In a recent study, a generative artificial intelligence (AI) program called GPT-4 (Generative Pre-trained Transformer 4) developed by OpenAI, demonstrated higher accuracy in diagnosing elderly patients with extensive medical histories and long hospital stays compared to clinicians. The study suggests that AI technology has the potential to identify missed diagnoses and improve patient outcomes. However, while the results are promising, there are certain limitations and challenges associated with the use of AI in clinical diagnosis.
The study involved six patients aged 65 or older with delayed diagnoses. GPT-4 accurately diagnosed four out of six patients, whereas clinicians only accurately diagnosed two patients. When differential diagnoses were considered, AI’s accuracy improved to five out of six patient diagnoses, compared to three out of six correct patient diagnoses made by clinicians. Additionally, a medical diagnostic decision tool called Isabel DDx Companion accurately diagnosed none of the patients initially, and only two out of six patients when provided with differential diagnosis information.
According to the lead author, GPT-4 has the potential to identify potential diagnoses that may have been overlooked by clinicians. It can assist in analyzing clinical situations with diagnostic difficulties and alert clinicians to possible underlying malignancies or drug side effects. This tool could be particularly valuable in lower-income countries with limited access to specialists, as it can provide suggestions similar to those of a specialist.
The success of GPT-4 in diagnosing patients can be attributed to the availability of extensive medical histories including radiological and pharmacological information. The study focused on elderly patients who often have multiple comorbidities, making it challenging to achieve timely and accurate diagnoses. GPT-4 can help clinicians identify diagnoses they may have missed otherwise, thus reducing the time to initial diagnosis in this patient population.
Despite its impressive accuracy, GPT-4 has certain limitations and challenges. The AI program struggled with diagnosing certain conditions, particularly multifocal infections. It failed to pinpoint the source of a recurrent infection in one patient and did not suggest relevant testing for infections in most patients. This highlights the importance of human expertise and the limitations of AI in complex diagnostic scenarios.
The study’s small sample size is another limitation. It analyzed the medical histories of only six patients from a single hospital unit specializing in geriatrics. While the results are promising, further research involving larger, more diverse patient populations is necessary to validate the findings and determine the generalizability of GPT-4’s diagnostic capabilities.
The authors emphasize that GPT-4 should be viewed as a tool to enhance a clinician’s confidence in their diagnosis or provide suggestions akin to those of a specialist. The AI program can help identify potential side effects of drugs or abnormal findings on imaging, particularly in settings where immediate consultation with subspecialties is not available. However, caution must be exercised, as GPT-4 can regurgitate inaccurate information based on incorrect medical histories.

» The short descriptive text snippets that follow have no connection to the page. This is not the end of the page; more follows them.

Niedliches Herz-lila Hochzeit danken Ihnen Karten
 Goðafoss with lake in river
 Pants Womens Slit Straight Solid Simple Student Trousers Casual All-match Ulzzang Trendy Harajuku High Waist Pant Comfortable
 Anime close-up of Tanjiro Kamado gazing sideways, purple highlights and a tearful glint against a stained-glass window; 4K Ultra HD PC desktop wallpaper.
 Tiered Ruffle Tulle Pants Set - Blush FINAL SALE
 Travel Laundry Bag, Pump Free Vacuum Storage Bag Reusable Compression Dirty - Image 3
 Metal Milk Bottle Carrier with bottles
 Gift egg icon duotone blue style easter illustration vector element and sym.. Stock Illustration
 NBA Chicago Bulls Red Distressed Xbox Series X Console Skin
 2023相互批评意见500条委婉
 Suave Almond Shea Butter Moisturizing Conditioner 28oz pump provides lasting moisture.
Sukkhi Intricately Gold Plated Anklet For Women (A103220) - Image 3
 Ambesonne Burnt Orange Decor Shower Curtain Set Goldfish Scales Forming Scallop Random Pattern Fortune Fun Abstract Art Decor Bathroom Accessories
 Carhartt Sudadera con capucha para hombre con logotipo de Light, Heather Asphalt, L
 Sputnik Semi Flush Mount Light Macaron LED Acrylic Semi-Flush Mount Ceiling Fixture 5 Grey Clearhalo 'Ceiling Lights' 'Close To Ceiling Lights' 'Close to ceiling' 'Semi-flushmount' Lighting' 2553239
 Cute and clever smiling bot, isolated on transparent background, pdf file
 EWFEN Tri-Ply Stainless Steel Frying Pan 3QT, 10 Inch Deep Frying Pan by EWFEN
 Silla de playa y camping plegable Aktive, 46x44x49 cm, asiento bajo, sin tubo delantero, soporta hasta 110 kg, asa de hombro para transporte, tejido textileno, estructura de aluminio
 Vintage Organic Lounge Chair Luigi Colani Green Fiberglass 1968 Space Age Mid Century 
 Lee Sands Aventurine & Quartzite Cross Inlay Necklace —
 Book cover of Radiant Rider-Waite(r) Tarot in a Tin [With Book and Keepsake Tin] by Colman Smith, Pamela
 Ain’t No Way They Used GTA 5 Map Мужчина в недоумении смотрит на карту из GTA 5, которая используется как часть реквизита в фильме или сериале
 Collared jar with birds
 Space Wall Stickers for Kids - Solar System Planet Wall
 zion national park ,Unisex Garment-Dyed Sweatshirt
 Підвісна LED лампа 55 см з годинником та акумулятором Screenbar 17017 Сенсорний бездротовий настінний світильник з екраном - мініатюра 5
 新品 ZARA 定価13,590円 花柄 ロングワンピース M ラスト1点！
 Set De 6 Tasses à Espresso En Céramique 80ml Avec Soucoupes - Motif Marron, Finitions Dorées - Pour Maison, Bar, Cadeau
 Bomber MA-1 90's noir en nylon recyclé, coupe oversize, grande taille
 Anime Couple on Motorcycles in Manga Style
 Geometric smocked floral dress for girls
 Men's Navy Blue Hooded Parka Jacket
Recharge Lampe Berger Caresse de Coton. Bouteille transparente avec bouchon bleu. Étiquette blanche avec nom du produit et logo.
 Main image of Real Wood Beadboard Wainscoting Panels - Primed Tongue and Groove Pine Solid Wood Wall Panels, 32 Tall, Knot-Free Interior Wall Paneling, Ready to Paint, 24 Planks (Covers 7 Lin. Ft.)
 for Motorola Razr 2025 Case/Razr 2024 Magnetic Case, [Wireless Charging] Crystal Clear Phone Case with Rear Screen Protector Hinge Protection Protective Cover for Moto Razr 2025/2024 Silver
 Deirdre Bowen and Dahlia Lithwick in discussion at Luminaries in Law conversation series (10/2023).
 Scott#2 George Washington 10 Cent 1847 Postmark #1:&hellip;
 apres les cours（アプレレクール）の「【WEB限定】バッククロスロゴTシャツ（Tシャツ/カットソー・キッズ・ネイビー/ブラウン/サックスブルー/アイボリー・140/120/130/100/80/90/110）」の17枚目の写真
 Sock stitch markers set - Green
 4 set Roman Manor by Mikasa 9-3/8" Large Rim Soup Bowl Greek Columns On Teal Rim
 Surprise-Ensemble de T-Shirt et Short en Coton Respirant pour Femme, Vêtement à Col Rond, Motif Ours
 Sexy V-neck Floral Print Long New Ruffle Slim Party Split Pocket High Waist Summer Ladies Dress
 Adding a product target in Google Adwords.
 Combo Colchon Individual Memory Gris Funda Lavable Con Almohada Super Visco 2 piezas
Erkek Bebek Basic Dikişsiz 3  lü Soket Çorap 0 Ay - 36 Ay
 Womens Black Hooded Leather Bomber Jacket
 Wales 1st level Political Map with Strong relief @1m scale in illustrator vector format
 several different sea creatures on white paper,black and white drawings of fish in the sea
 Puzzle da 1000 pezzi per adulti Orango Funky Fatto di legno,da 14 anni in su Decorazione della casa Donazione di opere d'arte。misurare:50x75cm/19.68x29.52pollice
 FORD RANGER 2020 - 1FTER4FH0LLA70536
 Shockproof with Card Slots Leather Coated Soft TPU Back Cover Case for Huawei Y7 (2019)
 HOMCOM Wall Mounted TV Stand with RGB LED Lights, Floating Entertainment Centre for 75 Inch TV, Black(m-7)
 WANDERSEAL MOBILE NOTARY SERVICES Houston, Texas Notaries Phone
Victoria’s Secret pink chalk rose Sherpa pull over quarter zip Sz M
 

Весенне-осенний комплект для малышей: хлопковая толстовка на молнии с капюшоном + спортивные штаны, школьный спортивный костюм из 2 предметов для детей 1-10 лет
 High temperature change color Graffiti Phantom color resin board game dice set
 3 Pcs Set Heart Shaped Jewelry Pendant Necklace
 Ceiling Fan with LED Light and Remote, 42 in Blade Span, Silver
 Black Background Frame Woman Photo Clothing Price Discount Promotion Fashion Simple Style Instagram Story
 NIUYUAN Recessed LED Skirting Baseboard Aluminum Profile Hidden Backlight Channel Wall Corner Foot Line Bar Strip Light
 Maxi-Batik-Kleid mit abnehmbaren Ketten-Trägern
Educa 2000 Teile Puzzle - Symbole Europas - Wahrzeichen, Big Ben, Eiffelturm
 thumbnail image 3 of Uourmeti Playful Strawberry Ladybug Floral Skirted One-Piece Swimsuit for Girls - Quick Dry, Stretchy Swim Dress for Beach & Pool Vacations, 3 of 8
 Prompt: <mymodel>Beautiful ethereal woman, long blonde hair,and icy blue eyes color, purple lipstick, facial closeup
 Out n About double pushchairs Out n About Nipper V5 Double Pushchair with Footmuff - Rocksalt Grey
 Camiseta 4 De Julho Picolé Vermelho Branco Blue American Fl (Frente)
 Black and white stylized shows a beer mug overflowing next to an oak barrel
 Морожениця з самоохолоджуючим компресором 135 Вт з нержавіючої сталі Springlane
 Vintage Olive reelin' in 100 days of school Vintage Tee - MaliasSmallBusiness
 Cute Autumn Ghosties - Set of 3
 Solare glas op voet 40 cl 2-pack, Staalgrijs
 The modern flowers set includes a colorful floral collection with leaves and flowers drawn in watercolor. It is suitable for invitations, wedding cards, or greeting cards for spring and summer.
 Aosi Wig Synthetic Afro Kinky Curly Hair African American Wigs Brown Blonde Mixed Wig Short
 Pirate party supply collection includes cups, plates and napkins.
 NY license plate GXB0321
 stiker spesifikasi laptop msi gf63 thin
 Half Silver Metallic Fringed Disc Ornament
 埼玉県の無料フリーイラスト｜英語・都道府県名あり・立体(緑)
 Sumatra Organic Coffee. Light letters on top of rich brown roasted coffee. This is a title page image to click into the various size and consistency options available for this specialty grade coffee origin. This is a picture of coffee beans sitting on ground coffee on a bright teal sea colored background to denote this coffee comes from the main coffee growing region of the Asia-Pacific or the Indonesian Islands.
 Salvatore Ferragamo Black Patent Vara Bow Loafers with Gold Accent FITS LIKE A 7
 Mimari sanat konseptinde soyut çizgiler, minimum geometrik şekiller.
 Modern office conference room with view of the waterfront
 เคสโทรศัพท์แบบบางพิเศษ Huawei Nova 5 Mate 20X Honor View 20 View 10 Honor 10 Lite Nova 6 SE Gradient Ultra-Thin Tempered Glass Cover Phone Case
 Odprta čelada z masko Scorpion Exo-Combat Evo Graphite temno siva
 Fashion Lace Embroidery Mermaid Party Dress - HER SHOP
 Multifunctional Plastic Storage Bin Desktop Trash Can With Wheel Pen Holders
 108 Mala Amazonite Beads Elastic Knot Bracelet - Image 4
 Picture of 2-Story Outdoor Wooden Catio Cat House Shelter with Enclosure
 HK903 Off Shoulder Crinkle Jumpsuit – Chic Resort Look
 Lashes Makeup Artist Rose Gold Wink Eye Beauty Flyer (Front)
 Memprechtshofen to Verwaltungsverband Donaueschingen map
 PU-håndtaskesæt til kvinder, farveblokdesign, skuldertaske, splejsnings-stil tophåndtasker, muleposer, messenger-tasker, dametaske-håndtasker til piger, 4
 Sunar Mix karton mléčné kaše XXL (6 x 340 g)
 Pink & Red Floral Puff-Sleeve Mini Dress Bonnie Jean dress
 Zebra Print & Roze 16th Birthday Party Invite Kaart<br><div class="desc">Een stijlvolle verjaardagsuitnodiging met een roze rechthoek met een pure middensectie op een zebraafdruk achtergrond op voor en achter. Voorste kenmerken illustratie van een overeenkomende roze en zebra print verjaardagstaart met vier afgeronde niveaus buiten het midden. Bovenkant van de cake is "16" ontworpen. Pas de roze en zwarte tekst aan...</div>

Generative AI programs like GPT-4 have shown promise in improving clinician responses and potentially reducing missed diagnoses. The study highlights the potential benefits of using AI technology, particularly when extensive medical histories are available. However, there are limitations and challenges that need to be addressed. Further research, larger sample sizes, and rigorous validation are necessary before widespread implementation of AI in clinical practice. Nonetheless, AI has the potential to supplement clinician expertise and improve patient outcomes in certain diagnostic scenarios. It is important to strike a balance between leveraging the capabilities of AI and recognizing the inherent limitations in its current state of development.